SPIEGEL: Das ist innerhalb der EG bekannt. Es ist wohl müßig, Sie zu fragen, ob Sie Großbritannien noch einmal in die EG führen würden, wenn Sie diese Entscheidung noch einmal treffen könnten. Würden Sie aber auch ein zweites Mal den gleichen Bedingungen zustimmen?

HEATH: Ja. Ich glaube, daß wir damals die für Großbritannien bestmöglichen Vereinbarungen ausgehandelt haben, führende Mitglieder der damaligen Opposition waren der gleichen Auffassung und haben das auch gesagt.

SPIEGEL: Dann war sich also damals jeder im klaren, daß die Lebensmittelpreise steigen würden?

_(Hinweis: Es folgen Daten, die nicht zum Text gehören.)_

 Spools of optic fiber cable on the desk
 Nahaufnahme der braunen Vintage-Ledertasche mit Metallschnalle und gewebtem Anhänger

HEATH: Ja, wir haben das sehr sorgfältig überprüft und zugestanden. Aber auch das wurde von den Anti-Europäern in der Öffentlichkeit verzerrt dargestellt. Teilweise bekamen wir während der weltweit schwierigen Versorgungslage ...

SPIEGEL: Als der Zucker knapp wurde ...

HEATH: ... sogar billigere Lebensmittel aus der Gemeinschaft als von Ländern außerhalb der EG.

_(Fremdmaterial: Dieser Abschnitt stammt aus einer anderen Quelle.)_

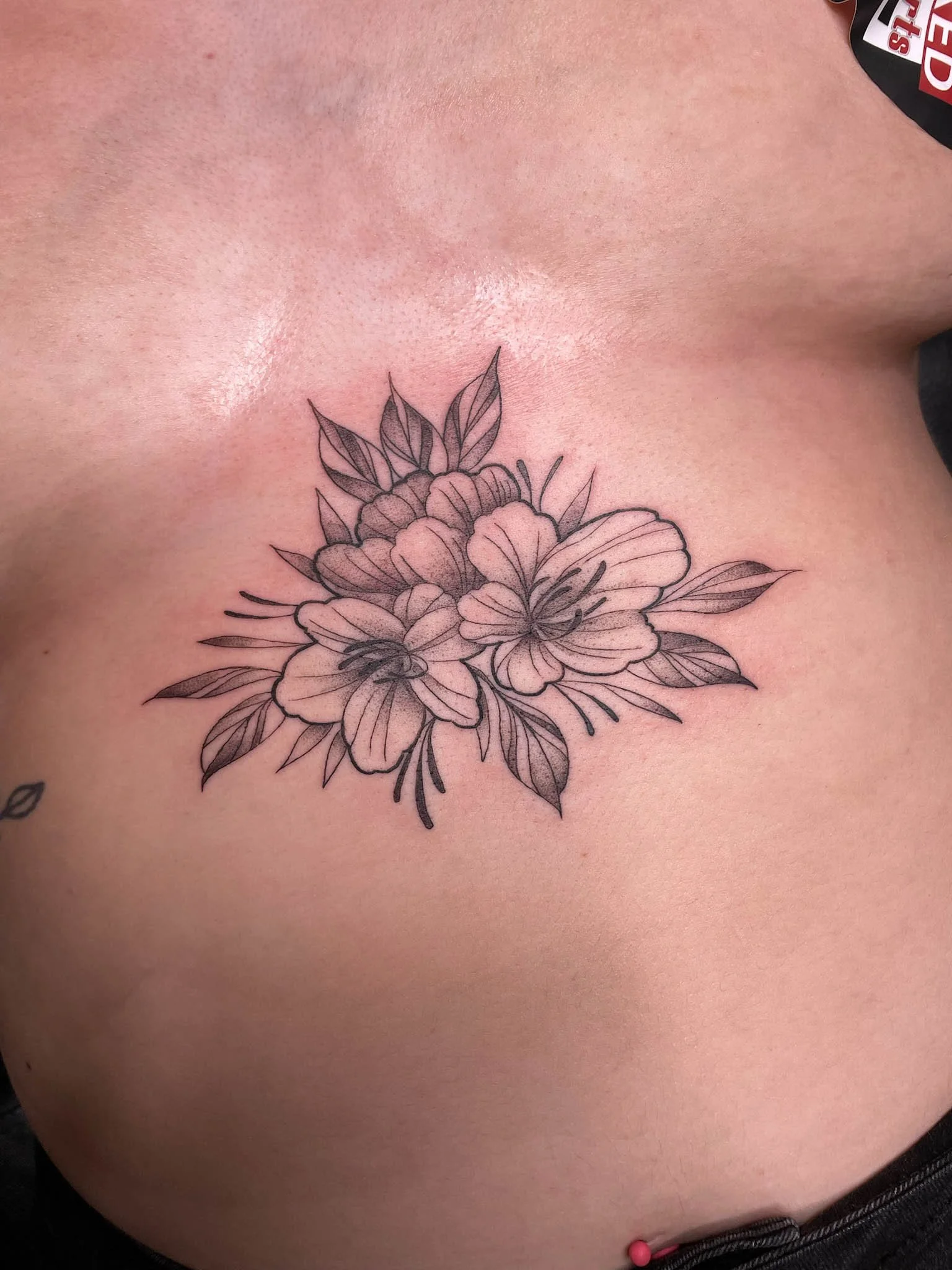 A black and gray floral tattoo featuring two large flowers with multiple petals and several leaves on a person's upper chest.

SPIEGEL: Aber darüber wurde hier in Großbritannien wenig berichtet.

HEATH: Aus diesem Grunde sage ich ja auch, daß die Regierung keinen der Vorteile unseres Beitritts zur EG herausgestellt hat -- eben aufgrund ihrer anti-europäischen Einstellung.

SPIEGEL: Vom Kontinent aus gesehen erscheint die öffentliche Meinung in Ihrem Lande oft genug verwirrend. Im gleichen Atemzug, da die Briten ihr Land als »Irrenhaus« bezeichnen, verteidigen sie England oft erbittert als ein Land mit einer Lebensqualität, die angeblich weit über der anderer Länder liegt, als ein Land, in dem die Menschen freundlicher seien und das Gras grüner als anderswo, und so weiter.

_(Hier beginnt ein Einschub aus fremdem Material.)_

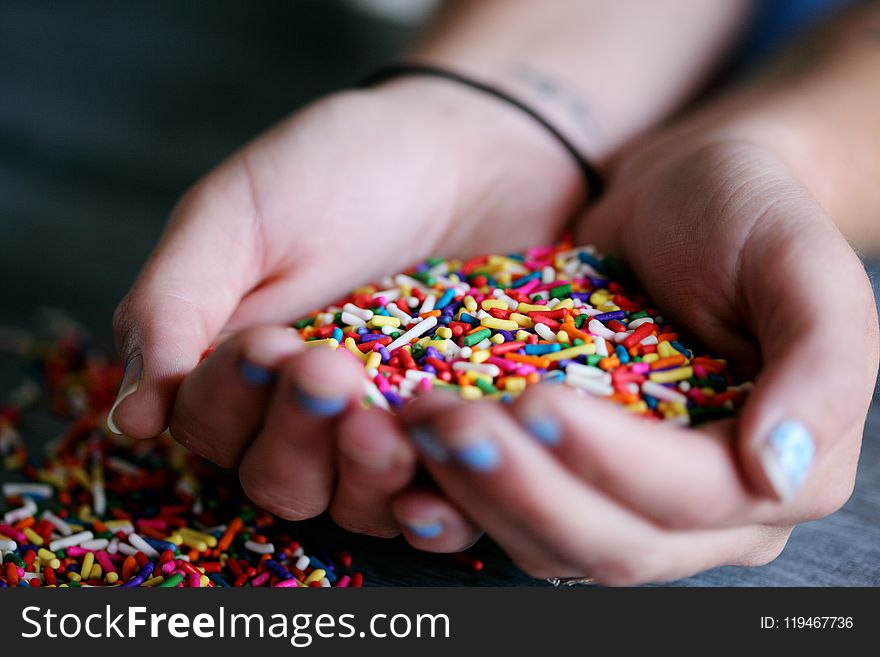 Person Holding Full of Sprinkles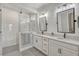 Elegant bathroom featuring double sinks, quartz countertops, and a modern glass shower at 13299 Serene Valley Dr, Clermont, FL 34711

HEATH: Das sagen doch meistens die Amerikaner, und wenn man etwa aus dem Stadtzentrum von Cleveland kommt, dann stimmt das ja sogar. Die Amerikaner sagen, die Briten müßten eigentlich die glücklichsten Menschen der Erde sein, weil sie nicht vorankommen, nicht voranzukommen brauchen und es sogar genießen, nicht voranzukommen. In Deutschland haben Sie Angst, alles sei so gut.

SPIEGEL: ... daß es nicht länger dauern könne?

HEATH: Daß es nicht länger dauern könne.

SPIEGEL: Großbritanien kann dagegen hoffen, daß alles nur noch besser wird. Wie wird denn Großbritannien Ihrer Meinung nach in den nächsten zwei, drei Jahren aussehen? Wird es noch weiter absteigen, vergleichbar etwa jenem Spanien, in dessen Reich die Sonne auch nicht unterging, das aber heute politisch eine drittklassige Macht ist? Oder wird es Großbritannien wieder bessergehen, nachdem es ihm schlechter gegangen ist?

HEATH: Ich verbringe meine Zeit nicht damit, in den Sternen zu lesen. Ich versuche, unsere Probleme zu analysieren, damit wir sie angesichts unserer Geschichte und unserer Tradition mit unseren charakteristischen Eigenschaften lösen können und unsere Entwicklung in die Richtung lenken, die ich mir für Großbritannien wünsche.

SPIEGEL: Glauben Sie, daß Großbritannien seine Lage meistern kann?

HEATH: Ja.

SPIEGEL: Mr. Heath, wir danken Ihnen für dieses Gespräch.